Q&A WITH JESSIE’S PARENTS, KARYN AND GLENN SCARPA

TL: How have you influenced your children’s decisions towards the sports they play actively today?

Karyn: A parent’s role in what their child participates in is huge at a young age. I think that early in our girls’ lives, we really did not ask them what they wanted to do but just looked around the community to see what was available and what would keep them active. Our only rule was whatever we signed them up for, they needed to finish until the end of the season and then the next year was up to them. When sport seasons started to overlap and pressure started mounting about which tournament they would attend, we let them pick which sport they were most passionate about. Eventually all three chose to concentrate on soccer. This choice had nothing to do with either of our personal sport experiences, which really made their choice that much better. There was not a family reputation to live up to or any pressure to play at the college level. Jessie wants to play at the highest level possible. For me, it’s their decision to make.

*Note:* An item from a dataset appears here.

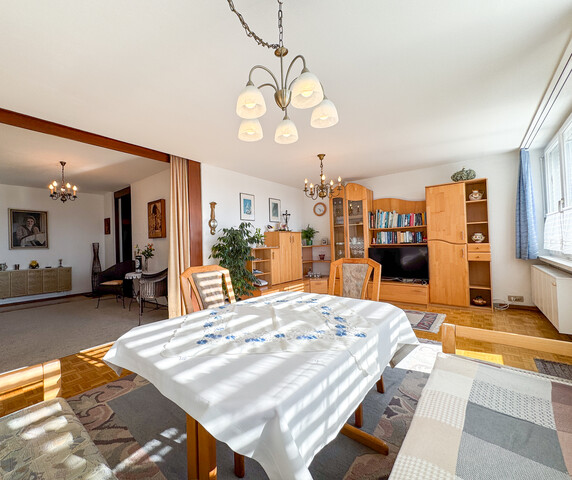 Großzügige 5-Zimmer-Terrassenwohnung mit Panorama-Ausblick in Hanglage von Schwarzach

TL: What involvement did the two of you play in your daughters’ athletic careers growing up and today?

Karyn: As far as their athletic careers, we have exposed them to all that was available and encouraged them to push themselves when we felt they might not have the wisdom to see where a door could open. It’s easy to say, “Okay” when a child says, “I don’t really think I want to…” But you have to think past their hesitation and know when it might just be insecurity. More often than not, our daughters have thanked us for pushing them in areas where they may not have gone on their own. It really is a delicate balance of helping your child push past the normal roadblocks but letting them feel in control. You have to go with your gut feeling and be there for them when needed but pull back when you see they can handle it.

Glenn: My soccer knowledge is limited, so I would say my contribution is to help them understand the mental aspect of sports, keeping them in the proper state of mind in both victory and defeat. Most of all, remind them they are participating for the joy of it.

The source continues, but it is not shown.